Dès le début de l’intervention des forces armées françaises au Mali, Jean-Luc Mélenchon avait souligné que :
1 l’intervention s’est faite sans mandat de l’ONU car le mandat de l’ONU était de fait attribué à la seule Mission internationale de soutien au Mali (Misma), placée sous conduite africaine. Et non directement à l’ancienne puissance coloniale.
2 l’appel à l’aide directe du pouvoir malien actuel n’avait aucune légitimité, le chef de l’Etat français ne pouvant se prévaloir de la demande d’aide d’un « gouvernement ami » (article 51 de la Charte des Nations Unies) pour la bonne raison que le pouvoir malien était exercé depuis le coup d’Etat de mars 2012 par le capitaine putschiste Sanogo, sans qu’aucune date pour une élection promise ne soit toujours indiquée.
3 les intérêts de la France n’étaient pas en cause, la France ne pouvait justifier son engagement par la menace de ses intérêt fondamentaux (à moins de penser que les gisements miniers du Mali et des pays limitrophes constituent des intérêts propres à la France).
4 la décision a été prise sans consultation du Parlement par le seul président Hollande, non seulement sans consultation préalable du Parlement, mais même sans que le gouvernement de Jean-Marc Ayrault en ait été officiellement saisi.

Il soulignait de manière prémonitoire que le principal risque était l’enlisement. Ce risque est dorénavant avéré. Même si le principe d’un soutien aux populations africaines sous la férule d’islamistes ne saurait être remis en cause, ce soutien ne doit pas être arrogant et il ne doit pas être le prétexte à une guerre d’occupation.

Retraçons quelques étapes historiques de cet enlisement annoncé (les éléments suivants sauf la conclusion sont intégralement repris du « manifeste Demain le Mali » écrit par Aminata Traoré, Issa Ndiaye et plusieurs intellectuels maliens).

« Le Mali est bien la première victime collatérale, en Afrique subsaharienne, de la violation de la résolution 1973 du Conseil de sécurité dans le cadre de l’intervention franco-britannique en Libye, intervention qui a déstabilisé toute la zone sahélienne. Qui plus est, Jean François Bayart rapporte que « Nicolas Sarkozy a de facto coupé l’aide au développement (au Mali). Il a également contribué à l’affaiblissement de l’autorité du président Amadou Toumani Touré en exigeant de lui la signature d’un accord de réadmission des migrants clandestins, politiquement inacceptable aux yeux de son opinion publique, et en guerroyant sur le territoire malien de pair avec l’armée mauritanienne à partir de 2010, sans même toujours l’en avertir ».

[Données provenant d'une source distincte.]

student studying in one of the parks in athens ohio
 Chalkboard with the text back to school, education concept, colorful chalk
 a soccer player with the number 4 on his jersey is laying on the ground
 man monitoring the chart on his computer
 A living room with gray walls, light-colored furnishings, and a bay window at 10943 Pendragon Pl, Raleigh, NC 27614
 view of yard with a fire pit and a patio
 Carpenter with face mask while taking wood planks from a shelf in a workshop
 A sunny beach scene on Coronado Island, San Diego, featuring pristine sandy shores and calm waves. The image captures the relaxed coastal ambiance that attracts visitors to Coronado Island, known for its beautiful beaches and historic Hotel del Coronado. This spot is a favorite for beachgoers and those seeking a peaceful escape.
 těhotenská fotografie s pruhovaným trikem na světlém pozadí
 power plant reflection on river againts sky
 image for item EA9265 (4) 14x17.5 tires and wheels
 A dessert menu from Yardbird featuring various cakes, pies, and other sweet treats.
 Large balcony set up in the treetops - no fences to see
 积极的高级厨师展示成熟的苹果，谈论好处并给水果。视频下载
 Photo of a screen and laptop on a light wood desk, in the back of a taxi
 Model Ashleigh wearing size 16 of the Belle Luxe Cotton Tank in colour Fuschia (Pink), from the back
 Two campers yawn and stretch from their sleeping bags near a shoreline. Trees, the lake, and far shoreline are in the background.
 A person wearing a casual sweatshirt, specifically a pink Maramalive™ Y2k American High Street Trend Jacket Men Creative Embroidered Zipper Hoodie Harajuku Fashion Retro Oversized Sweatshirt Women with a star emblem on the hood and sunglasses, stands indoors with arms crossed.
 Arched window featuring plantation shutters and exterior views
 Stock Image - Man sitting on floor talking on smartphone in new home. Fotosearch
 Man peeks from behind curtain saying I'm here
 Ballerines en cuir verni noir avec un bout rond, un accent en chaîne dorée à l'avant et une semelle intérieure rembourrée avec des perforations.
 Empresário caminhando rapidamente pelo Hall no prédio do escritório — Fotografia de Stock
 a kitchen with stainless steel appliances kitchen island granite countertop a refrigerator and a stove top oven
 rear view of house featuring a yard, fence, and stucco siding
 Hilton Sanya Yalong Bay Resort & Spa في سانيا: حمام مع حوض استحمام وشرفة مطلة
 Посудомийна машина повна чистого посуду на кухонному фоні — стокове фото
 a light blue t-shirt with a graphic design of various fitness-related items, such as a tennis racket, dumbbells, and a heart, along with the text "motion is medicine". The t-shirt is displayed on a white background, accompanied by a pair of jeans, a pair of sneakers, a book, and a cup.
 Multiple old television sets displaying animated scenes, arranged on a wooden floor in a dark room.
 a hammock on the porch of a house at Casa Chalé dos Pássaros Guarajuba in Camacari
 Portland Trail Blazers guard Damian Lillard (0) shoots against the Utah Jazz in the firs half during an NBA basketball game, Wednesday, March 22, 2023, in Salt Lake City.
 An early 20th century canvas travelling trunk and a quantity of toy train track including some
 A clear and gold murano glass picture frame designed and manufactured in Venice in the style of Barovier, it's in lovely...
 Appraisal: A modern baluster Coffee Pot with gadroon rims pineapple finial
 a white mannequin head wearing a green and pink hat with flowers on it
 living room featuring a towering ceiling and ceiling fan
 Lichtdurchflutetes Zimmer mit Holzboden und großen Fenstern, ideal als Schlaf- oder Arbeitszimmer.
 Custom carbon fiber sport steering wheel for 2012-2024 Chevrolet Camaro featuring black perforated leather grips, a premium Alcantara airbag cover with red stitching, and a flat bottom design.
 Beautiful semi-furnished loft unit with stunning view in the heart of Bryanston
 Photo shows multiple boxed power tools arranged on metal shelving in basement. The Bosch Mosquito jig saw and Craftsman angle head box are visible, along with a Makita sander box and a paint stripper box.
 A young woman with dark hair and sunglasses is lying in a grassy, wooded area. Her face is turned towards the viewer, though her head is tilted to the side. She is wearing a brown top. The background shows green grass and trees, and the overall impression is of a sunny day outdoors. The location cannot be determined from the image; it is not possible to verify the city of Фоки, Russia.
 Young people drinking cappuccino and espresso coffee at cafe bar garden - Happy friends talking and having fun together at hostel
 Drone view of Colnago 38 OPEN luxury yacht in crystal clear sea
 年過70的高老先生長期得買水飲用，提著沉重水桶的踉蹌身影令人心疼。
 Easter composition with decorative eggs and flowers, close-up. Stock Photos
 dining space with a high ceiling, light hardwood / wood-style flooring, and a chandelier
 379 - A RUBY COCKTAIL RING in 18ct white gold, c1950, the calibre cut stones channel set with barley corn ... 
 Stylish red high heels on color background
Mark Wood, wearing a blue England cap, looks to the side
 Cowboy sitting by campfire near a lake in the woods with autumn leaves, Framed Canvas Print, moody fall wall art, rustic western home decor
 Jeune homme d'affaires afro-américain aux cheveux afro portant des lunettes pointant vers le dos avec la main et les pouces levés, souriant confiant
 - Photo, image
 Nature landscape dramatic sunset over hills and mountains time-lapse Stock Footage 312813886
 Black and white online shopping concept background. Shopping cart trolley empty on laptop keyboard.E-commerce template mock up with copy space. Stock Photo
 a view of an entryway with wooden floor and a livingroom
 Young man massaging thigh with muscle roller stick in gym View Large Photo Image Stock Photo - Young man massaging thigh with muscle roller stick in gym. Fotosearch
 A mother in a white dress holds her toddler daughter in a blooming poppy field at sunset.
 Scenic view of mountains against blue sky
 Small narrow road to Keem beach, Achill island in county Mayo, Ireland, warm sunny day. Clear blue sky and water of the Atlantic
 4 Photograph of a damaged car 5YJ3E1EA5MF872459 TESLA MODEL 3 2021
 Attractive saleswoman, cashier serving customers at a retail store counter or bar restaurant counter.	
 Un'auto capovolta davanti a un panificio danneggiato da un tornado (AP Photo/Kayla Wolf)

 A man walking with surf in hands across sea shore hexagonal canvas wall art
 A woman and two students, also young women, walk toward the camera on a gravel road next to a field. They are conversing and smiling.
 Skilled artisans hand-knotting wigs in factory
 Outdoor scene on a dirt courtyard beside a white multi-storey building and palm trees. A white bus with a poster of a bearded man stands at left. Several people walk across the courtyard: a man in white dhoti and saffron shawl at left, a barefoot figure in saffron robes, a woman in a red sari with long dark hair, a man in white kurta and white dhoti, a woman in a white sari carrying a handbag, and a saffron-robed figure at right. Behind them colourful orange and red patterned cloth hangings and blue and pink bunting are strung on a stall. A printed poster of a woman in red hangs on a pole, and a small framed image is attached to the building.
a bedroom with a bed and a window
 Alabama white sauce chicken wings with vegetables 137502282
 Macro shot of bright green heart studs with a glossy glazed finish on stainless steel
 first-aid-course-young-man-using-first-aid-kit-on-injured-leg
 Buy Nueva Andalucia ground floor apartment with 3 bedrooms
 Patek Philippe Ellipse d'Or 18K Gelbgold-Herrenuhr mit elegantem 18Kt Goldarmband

Le président par intérim, Dioncounda Traoré, n’avait pas demandé de déploiement de troupes au sol, mais a dû en assumer la responsabilité. Laurent Bigot, sous-directeur Afrique de l’Ouest au ministère des affaires étrangères (2008-2013) atteste : « On leur donne les termes de la lettre qui nous conviendrait ». Elle arrive à l’Élysée par télégramme diplomatique crypté, mais ne convenait pas, « on échange avec les autorités maliennes qui nous refont une lettre dans la même journée dans laquelle le Mali demande, officiellement, le soutien militaire de l’armée française ». Quant au président Ibrahim Boubacar Keita, il était réticent à l’installation de la mission onusienne et a demandé son retrait progressif pour non-conformité de son mandat avec la nature de la menace. Le Conseil de sécurité, qui ne l’entendait pas de cette oreille, a maintenu la MINUSMA et a augmenté le nombre des casques bleus.

Le commandant de la force Barkhane, c’est-à-dire l’une des voix les plus autorisées, Bruno Guibert a déclaré, suite à l’attaque du « Super Camp » de la MINUSMA à Tombouctou le 14 avril 2018, qu’ « … il n’y aura pas de solution militaire dans ce pays ». « Que chacun abatte ses cartes, que les visages se dévoilent, de manière à savoir qui est l’ennemi de ce pays et de son peuple. Le jour où tous les acteurs politiques partageront avec la MINUSMA et Barkhane une vision commune en la matière, tout sera beaucoup plus simple » a également déclaré le patron de Barkhane (Opex360.com).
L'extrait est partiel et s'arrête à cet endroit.